An ‘A’ for accuracy?

During a Sept. 30 symposium in Washington on how self-described progressive Catholics can reframe media coverage of church issues, speakers talked about one thorny media problem for Catholics of all stripes: the shrinking number of reporters with religion as their beat.

Jesuit Father Thomas Reese, of Woodstock Theological Center at Georgetown University, sends a weekly e-mail to religion reporters. He commented that every week “I get more and more bouncebacks” as reporters’ work-based e-mail accounts have been deactivated now that they no longer work for the publication.

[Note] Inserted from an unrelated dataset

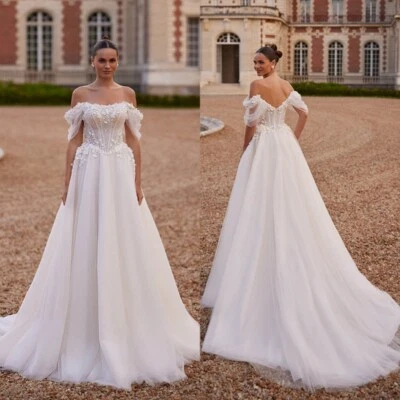 Boho Brautkleid Hochzeitskleid A-Linie Ärmellos Weiß Ivory Maßgeschneider - Bild 1 von 4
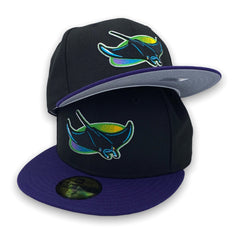 Tampa Bay Rays Black Purple Cooperstown AC New Era 59Fifty Fitted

Father Reese noted that some reporters newly assigned to cover religion are unfamiliar with knowledge of basic church matters that with other writers would have been taken for granted. When being interviewed by one scribe — the name of the news outlet will be withheld here since we are confident the writer continues to learn on the job — Father Reese said he was asked “what the difference is between a Jesuit priest and a diocesan priest.” Later in the interview, when Father Reese made a reference to “St. Peter, the first pope,” the writer asked him, “And what was his last name?”

3 Responses

  1. …nothing new, actually, about religion reporters who have few clues, particularly with regard to Catholicism…I think of the countless times I’ve read in newspaper stories that a priest “performed” Mass, for example…(sigh)…

  2. St. Peter … the Apostle, of course :)

  3. It is unfortunate that many reporters know so little about the Catholic Church. Perhaps each diocese should provide a short course on the doctrines of the Catholic Church at the state universities to give future reporters some knowledge of the Catholic Church. Perhaps a list of reference material for “wantabe” reporters would be helpful for them.